== Goal of the exercise ==
A picture-free, exact transcript of the entries below is required.

(Pictures with short captions)
- - -

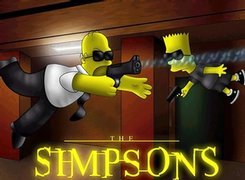 The Simpsons, Simpsonowie, Bart, Tata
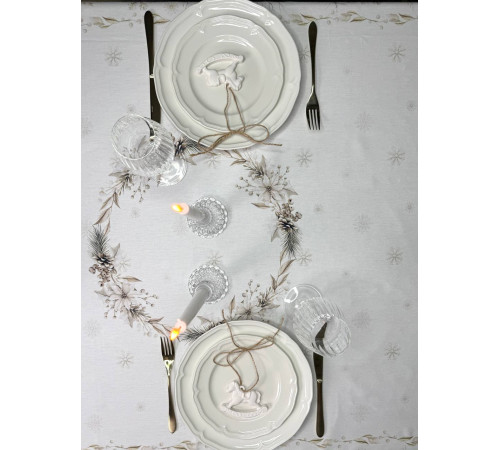 Cкатерть BLOOMIA GOLDEN FOREST Артикул - БЗЛ 145*350, размер - 145*350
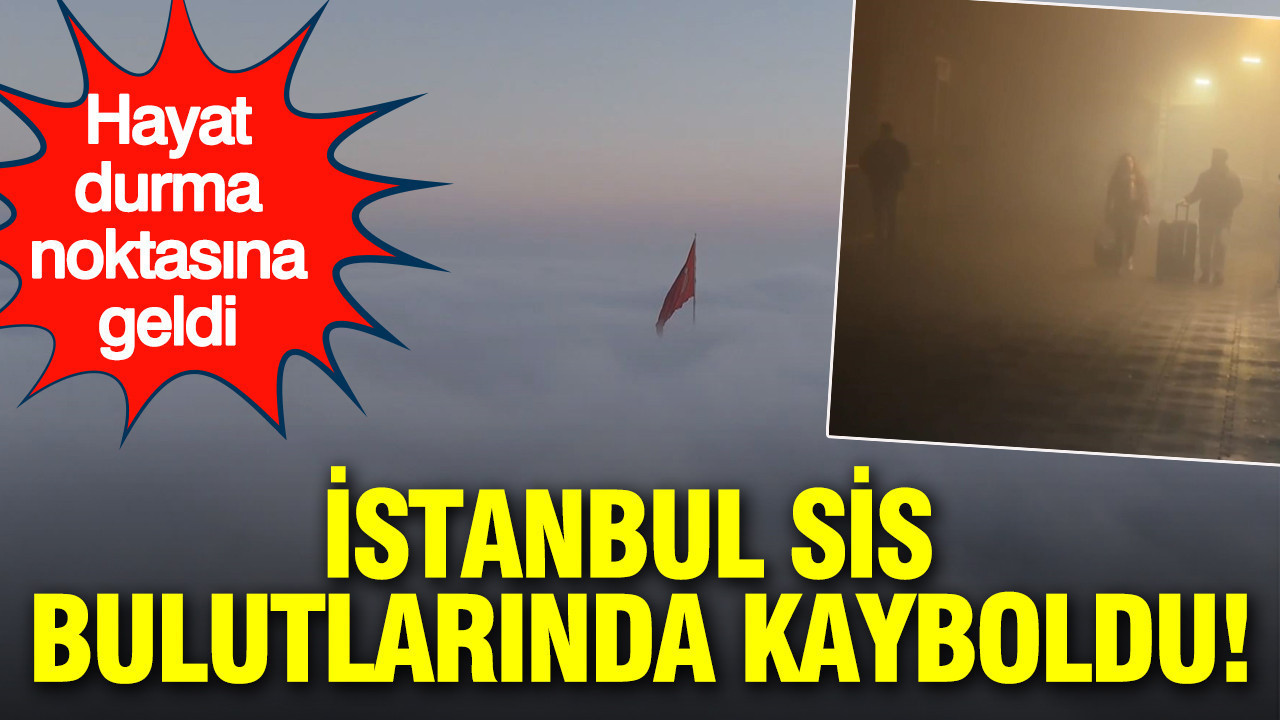 İstanbul sis bulutlarında kayboldu: Hayat durma noktasına geldi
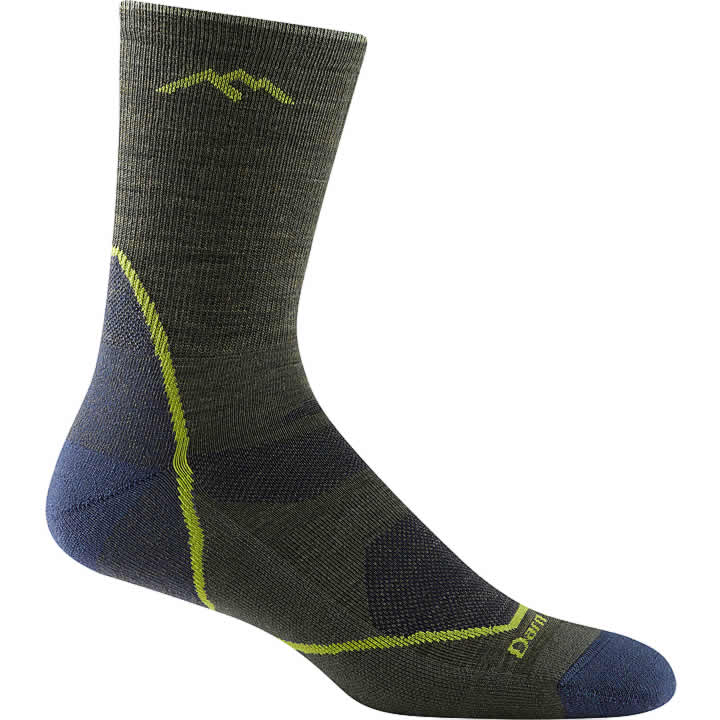 Men's Light Hiker Micro Crew Lightweight Hiking Socks - Image 4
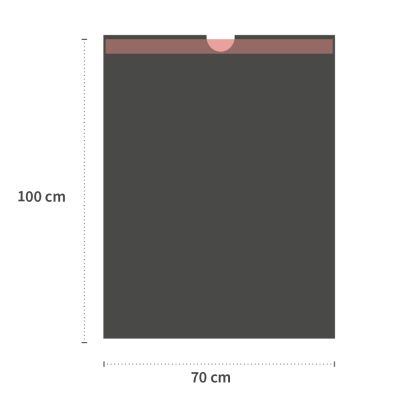Müllsäcke mit Zugband 120 L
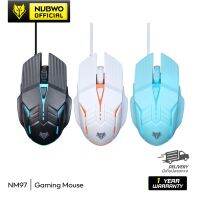 เมาส์เกมมิ่ง Nubwo NM97 6 ปุ่ม ปรับ DPI ได้ถึง 4 ระดับ สูงสุดถึง 3600 DPI มีไฟ LED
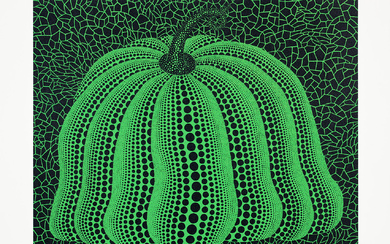 Yayoi Kusama, Pumpkin 2000 (Green) (K. 300)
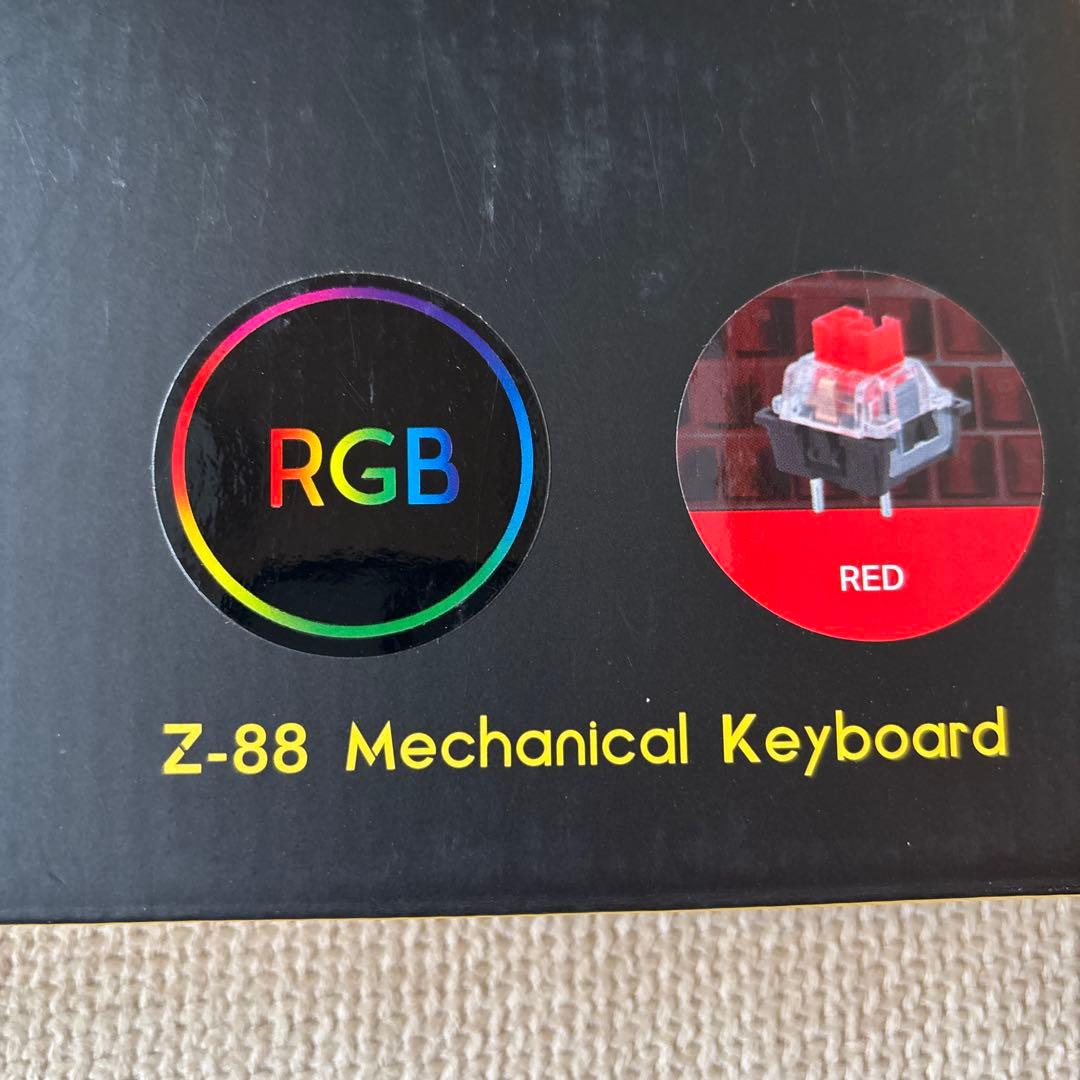 日本語配列e元素メカニカル式ゲーミングキーボードE-YOOSOZ-88赤軸未使用
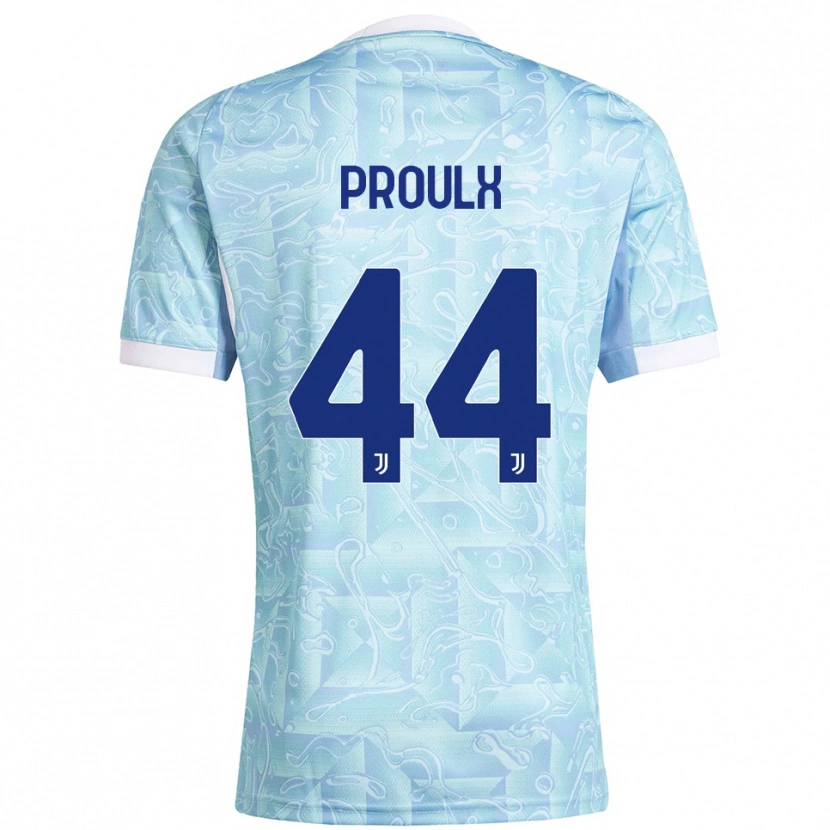Danxen Mænd Lysianne Proulx #44 Lyseblå Gul Udebane Spillertrøjer 2025/26 Trøje T-Shirt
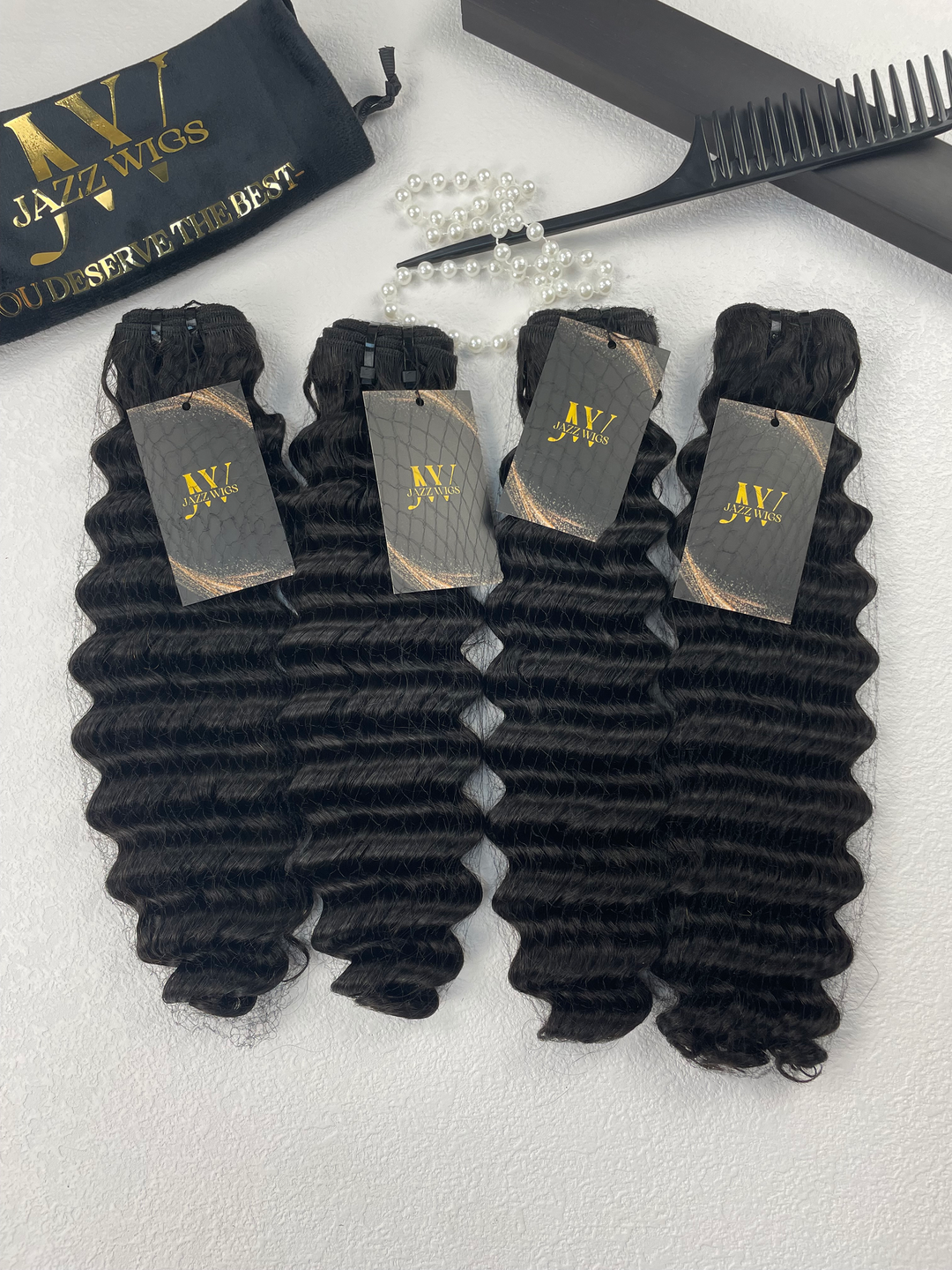 Top Raw Hair Deep Wave - 4 Pcs Bundles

- - -

== Exercise result ==
 The Simpsons, Simpsonowie, Bart, Tata
 Cкатерть BLOOMIA GOLDEN FOREST Артикул - БЗЛ 145*350, размер - 145*350
 İstanbul sis bulutlarında kayboldu: Hayat durma noktasına geldi
 Men's Light Hiker Micro Crew Lightweight Hiking Socks - Image 4
Müllsäcke mit Zugband 120 L
 เมาส์เกมมิ่ง Nubwo NM97 6 ปุ่ม ปรับ DPI ได้ถึง 4 ระดับ สูงสุดถึง 3600 DPI มีไฟ LED
 Yayoi Kusama, Pumpkin 2000 (Green) (K. 300)
 日本語配列e元素メカニカル式ゲーミングキーボードE-YOOSOZ-88赤軸未使用
Danxen Mænd Lysianne Proulx #44 Lyseblå Gul Udebane Spillertrøjer 2025/26 Trøje T-Shirt
 Top Raw Hair Deep Wave - 4 Pcs Bundles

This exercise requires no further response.